Voilà, c'était ma seconde philosophique.

Non pas que les témoignages précédents ne m'ont fait ni chaud, ni froid. C'est juste ma façon de justifier le pourquoi-du-comment mon cerveau n'est pas en mesure de pondre une histoire censée.
Une histoire ? Oui. Car j'ai du mal à croire ce que je viens de lire. Et j'ai encore plus de mal à croire que ce carnet n'est pas une immense plaisanterie. Vincent ? Mathias ? Sérieusement ?

C'est tellement absurde que je n'arrive même pas à voir ce qu'il y a de drôle là-dedans.

Mais si c'est vrai - et je doute fortement que ça le soit - alors que quelqu'un m'explique comment se fait-il que ce carnet soit tombé dans mon sac alors que Mathias était censé le jeter (ou le garder pour lui) ?

Pourquoi quelqu'un s'amuserait à le faire passer à tout le monde ?
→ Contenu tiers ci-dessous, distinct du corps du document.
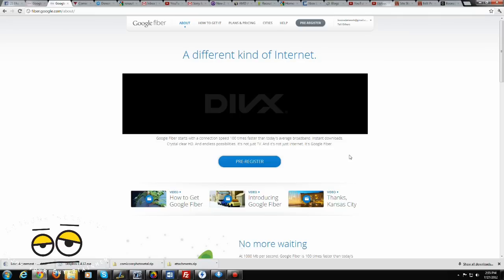And what Google Fiber really brings to the table is actually the first internet service that goes at over 100 times normal pace of what you have right now. So basically you're getting gigabit internet speeds, 1,000 megabits per second or at least 1 gigabit. That's what Google is promising here.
Et pour ceux que ça chiffonne, j'écris dans ce carnet en heure de colle. Moi aussi j'ai séché ce foutu contrôle de math à la con. Sauf que je n'ai pas été collé le même jour que vous... boloss.

Moi, j'ai été obligée de rattraper ce stupide examen parce que mon professeur est un sadique... Et je me fais quand même coller. C'est gentil, je retiens, ce lycée a une très touchante manière de montrer son amour envers ses élèves.

Pour en revenir à toi, Vincent. Si ce que tu dis est vrai - tout le monde sait que tes mensonges se confondent à ta sincérité, si bien qu'au final, la vérité finit toujours par être un mensonge avec toi et vice-versa - alors je pense que tu devrais tenter ta chance avec Laura. On est tous les trois dans la même classe et pour ta gouverne, je ne m'appelle pas Émilie, mais Noémie. Pas Natalie, ni Valérie, ni Marie, mais Noémie... Par ailleurs, je connais l'adresse d'un bon Carrefour Market qui vend des stylos quatre couleurs, je pourrais te la donner, histoire que t'arrête de me voler mes affaires... Tente ta chance avec Laura, prouve que le cliché ambulant que t'es mérite mieux que des insultes écrites sur les murs des toilettes et cesse de jouer les dramaqueens dans un carnet de brouillon.

Hannah. La curiosité, c'est mal. Et puis, je suis d'accord avec les autres, une petite baffe de temps à autres, ça fait du bien. Je vote pour que Sylvie en reçoive une pour toutes les rumeurs qui m'ont fait penser que t'étais une fille bizarre... Si tu veux, je lui tiens les bras pendant que tu la frappes. En toute amitié.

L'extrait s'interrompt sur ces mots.